Field name defined by the user.

yes

type

rni_name, rni_address, or rni_date

Fields must be one of these types.

yes

score_if_null

number

A value between 0 and 1 to use as the score for an individual field in record matching when it is missing from a record.

no

weight

number

Value indicating weighting of the field in similarity score calculation.

no

If one field has a weight, all fields must have weights.



Table 6. Properties

Field

Type

Description

Required

threshold

number

Only results where the similarity score is greater than the threshold are returned. When set, only matching records (as defined by a similarity score above the threshold) will be returned.

The default value is 0.0; all results are returned.

no

includeExplainInfo

boolean

True if the response should contain the full details of how the records were matched.

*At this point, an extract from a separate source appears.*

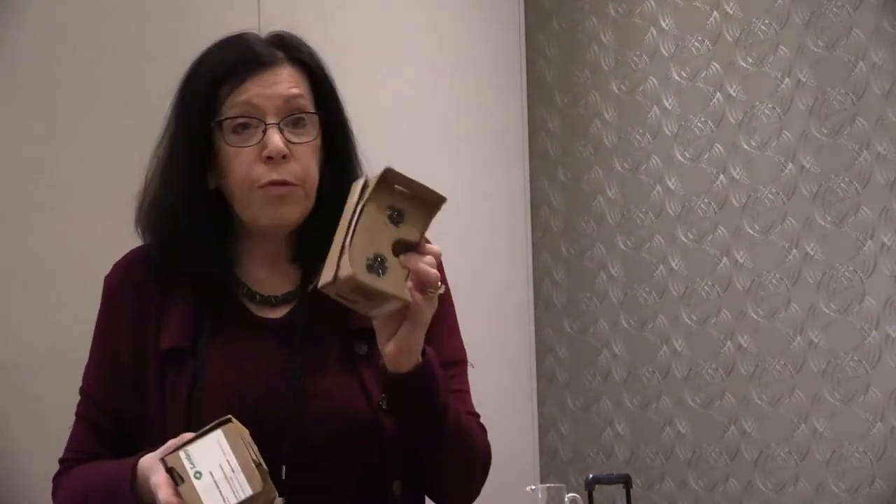Be careful about versions. Don't get version one if you have a bigger phone — it won't fit. Make sure you get version two; some of them actually say V2. Check the size before you get them.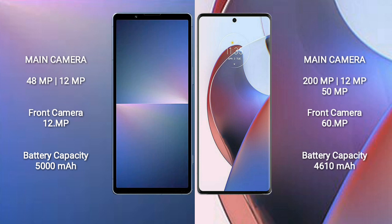The Sony Xperia 5 Mark 5 features a dual rear camera setup with 48MP plus 12MP, and a front camera of 12MP. The Motorola S30 Ultra comes with a triple rear camera setup of 200MP plus 12MP plus 50MP, and a front camera of 60MP.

False if the response should not contain the detail section.

yes

parameters

map

A map of string parameter names to string parameter values.

no

parameterUniverse

string

The string name of a universe already specified in the parameter_profiles.yaml or internal_param_profiles.yaml file,

no

Available in Server and all non-managed plugin instances



You can only provide a list of parameters or the name of a parameter universe. If both are provided, an error will be returned. Neither are required.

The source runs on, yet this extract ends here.